Sure. I've been pleasantly surprised with the work that, in particular Jay and his team in the upstream have done this last year. That production cash production cost chart that Jay showed, I mean, costs were down about $4 a barrel last year. And with some of the work we're doing on the organization and if prices persist at these low levels, we'll continue to drive costs down even further. So I've been pleasantly surprised.
Some of it is in the supply chain to be sure, but some of it is also in the improvements that he talked about in the shale and tight area. I mean, if you look at what we expect over the next 5 years to happen to depreciation rates in the shale and tight area, I mean, they'll go down 50% or more because of the improved efficiencies that we're seeing in the business. Our overall depreciation rate will be about flat despite some projects that were a part of a high cost cycle coming through. So we see operating costs continuing to be reduced. We see greater efficiencies being moved through all segments of the business.
Now downstream has been a very we've been working on our efficiency and improvements the downstream business and they represent about 40% or so of our OpEx. So a lot of the top line reductions in OpEx and SG and A that you see on the income statement, for example, have been a lot of it is in the upstream and in the corporate areas going forward. We talked about $2,000,000,000 in OpEx and SG and A from $14,000,000,000 to $15,000,000 being reduced. We expect another $2,000,000,000 dollars that will come out this year. Now we do have higher volume coming in over the next couple of years.
So we're looking to see unit costs continue to come down, depreciation will be about flat and exploration will be we're about $1,500,000,000 in exploration this year, which is obviously less than what we've had in the past. So efficiencies, choices that we're making and more short cycle spend are really the messages that I would tell you, we're trying to drive through the organization. Hopefully that answers it. We'll go for one more over here.
Thanks. Scott Baber with Simmons. John, you talked about the production outlook. I was hoping you could talk a little bit about the outlook for resource based replenishment, especially with lower spending levels, lower exploration spend, not sanctioning as many major projects. But then on the other hand, you're shifting to more short cycle round fill type investments around which I think resource based adds are perhaps a little bit less visible.
So could you talk about the resource based replenishment outlook and kind of better frame that for us so we can better appreciate that?
Sure. Jay, you want to talk a little bit about where resources are coming from?

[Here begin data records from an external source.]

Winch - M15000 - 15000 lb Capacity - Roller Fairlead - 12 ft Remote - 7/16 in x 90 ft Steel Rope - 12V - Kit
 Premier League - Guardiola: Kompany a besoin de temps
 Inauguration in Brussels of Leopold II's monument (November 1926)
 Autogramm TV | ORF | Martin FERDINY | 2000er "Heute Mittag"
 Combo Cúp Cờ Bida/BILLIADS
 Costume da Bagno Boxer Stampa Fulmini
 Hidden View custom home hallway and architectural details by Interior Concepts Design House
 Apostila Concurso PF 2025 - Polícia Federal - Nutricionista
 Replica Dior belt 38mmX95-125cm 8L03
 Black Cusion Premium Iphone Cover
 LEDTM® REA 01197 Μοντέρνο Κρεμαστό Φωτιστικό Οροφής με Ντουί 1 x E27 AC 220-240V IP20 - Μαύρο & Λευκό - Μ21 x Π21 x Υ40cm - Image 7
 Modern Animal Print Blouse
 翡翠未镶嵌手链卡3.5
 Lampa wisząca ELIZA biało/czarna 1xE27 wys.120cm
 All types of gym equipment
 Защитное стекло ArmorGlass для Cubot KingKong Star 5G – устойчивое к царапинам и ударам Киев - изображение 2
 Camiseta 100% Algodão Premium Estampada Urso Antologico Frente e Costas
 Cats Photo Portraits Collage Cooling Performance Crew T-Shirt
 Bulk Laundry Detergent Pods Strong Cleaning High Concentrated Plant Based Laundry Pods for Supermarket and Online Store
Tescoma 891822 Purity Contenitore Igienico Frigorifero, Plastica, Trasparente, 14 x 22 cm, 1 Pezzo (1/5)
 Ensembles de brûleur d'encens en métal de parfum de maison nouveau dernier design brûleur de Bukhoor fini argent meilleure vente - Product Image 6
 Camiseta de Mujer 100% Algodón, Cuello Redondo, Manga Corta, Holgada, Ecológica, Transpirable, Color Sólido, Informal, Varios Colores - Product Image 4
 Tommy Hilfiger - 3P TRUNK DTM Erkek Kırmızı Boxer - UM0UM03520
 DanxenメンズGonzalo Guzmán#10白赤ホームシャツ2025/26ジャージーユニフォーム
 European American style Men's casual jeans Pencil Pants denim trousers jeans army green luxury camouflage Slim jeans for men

So we get resource obviously from 3 places: exploration, we direct purchase other discovered resources or through advances in technology. And actually, the focus applying technology, improving the efficiency, that's about converting a lot of the resources that we already have on the books into the reserves equation. So that's working quite well for us. On the exploration front and obviously, if the price continues to persist, there ought to be some there's assets available there at much lower cost. We see a lot of opportunity there, but we're in a position where we have enough resource already on the books that we're not driven to go have to find more.
We've got plenty to work with, especially over the intervening years.
We need to convert it to reserves. I will say the areas where you'll see resource adds, and distinguishing that from reserves. The resource adds as we continue to assess the Permian, we've had significant resource adds there and we have more assessments coming there and in other shale and tight resources that we have. And then of course, any discoveries we have in the Gulf of Mexico or a part of our exploration program, we'll add resource. I am being given the sign that we are out of time for questions.
Appreciate you being with us this morning. Thank you for your attention. That concludes the webcast.